Lihat saja kasus dugaan korupsi yang ditangani jajaran Kejaksaan Tinggi Sulsel dan Polda Sulsel. Di Kejati, jumlah kasus korupsi yang ditangani menghampiri angka 200 kasus, namun jumlah yang selesai hanya mencapai puluhan kasus. Begitu juga kasus korupsi yang ditangani Polda Sulsel. Dari sekitar 57 kasus yang ada, tingkat finalisasi kasus korupsi hanya mencapai 48 persen.
Dengan kata lain, dua lembaga penegak hukum di wilayah Sulsel sejauh ini hanya mampu menyelesaikan perkara korupsi di bawah 50 persen.
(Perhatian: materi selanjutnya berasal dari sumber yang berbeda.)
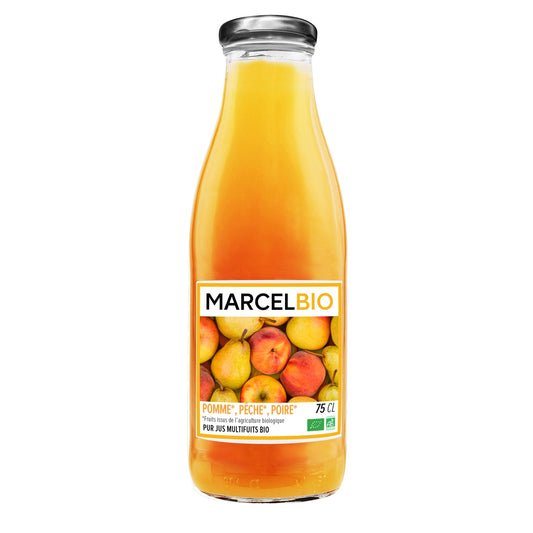 MARCELBIO Organic Apple Peach Pear Multifruit Juice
Kondisi ini tentu saja bertolak belakang dengan keinginan petinggi Polri dan Kejaksaan Agung bahwa kasus korupsi harus diprioritaskan. Bahkan, berdasar salah satu surat edaran Kejaksaan Agung, penyidik kejaksaan ditarget mampu menyelesaikan penanganan perkara korupsi dalam tempo tiga bulan.
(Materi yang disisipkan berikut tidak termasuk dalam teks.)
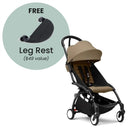 Stokke Yoyo³ stroller in black frame with toffee seat, featuring a free leg rest offer highlighted in a circular design.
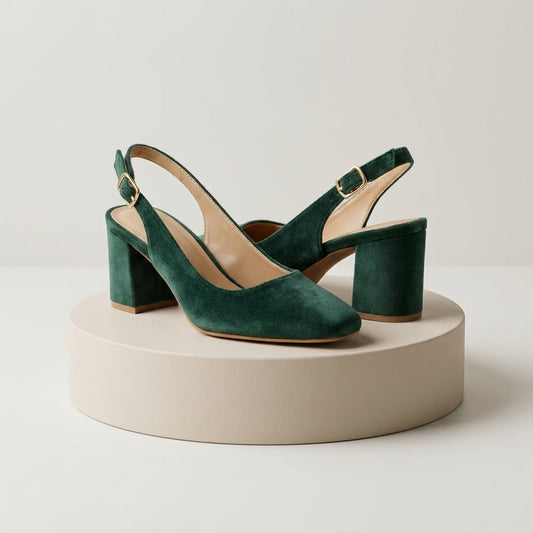 Emerald Suede Slingback Heels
Berkaca pada tingkat penyelesaian perkara korupsi di Sulsel yang tidak melebih angka 50 persen ini, Direktur Anti Coruption Commitee (ACC) Sulsel, Abdul Muttalib mengatakan bahwa penyelesaian kasus korupsi pada dasarnya tidak memiliki banyak hambatan, utamanya kalau dikaitkan dengan persoalan bukti-bukti dugaan terjadinya tindak pidana korupsi.
Namun, Muttalib menyebut kendala yang terjadi di Sulsel lebih karena niat baik atau goodwill penegak hukum dalam penanganan korupsi masih sangat rendah. Akibatnya, proses penanganan kasus dugaan korupsi baik yang terjadi di kepolisian maupun di kejaksaan banyak yang tidak jelas dan mandek dengan berbagai alibi.
Kasus bantuan sosial (bansos) Pemprov Sulsel 2008 yang diduga merugikan negara Rp8,8 miliar, baru kembali mulai bergerak dan ditingkatkan ke penyidikan. Ini artinya, ketika penegak hukumnya memiliki goodwill, maka perkara korupsi dipastikan akan berjalan sesuai harapan.
"Kalau penegak hukumnya memiliki keinginan serius untuk menuntaskan kasus korupsi yang ditanganinya, saya kira perkara korupsi di daerah ini akan mudah dituntaskan. Tapi karena goodwill-nya tidak ada, maka penyelesaian kasus korupsi banyak yang mandek," kata Muttalib.
Salah satu bukti bahwa penegak hukum tidak memiliki niat baik dalam penyelesaian kasus korupsi, karena sejauh ini pelibatan masyarakat dalam penanganan perkara korupsi belum dimaksimalkan. Padahal kata dia, dalam surat edaran Kejaksaan Agung dan Polri, lembaga penegak hukum ini juga diminta untuk melibatkan masyarakat.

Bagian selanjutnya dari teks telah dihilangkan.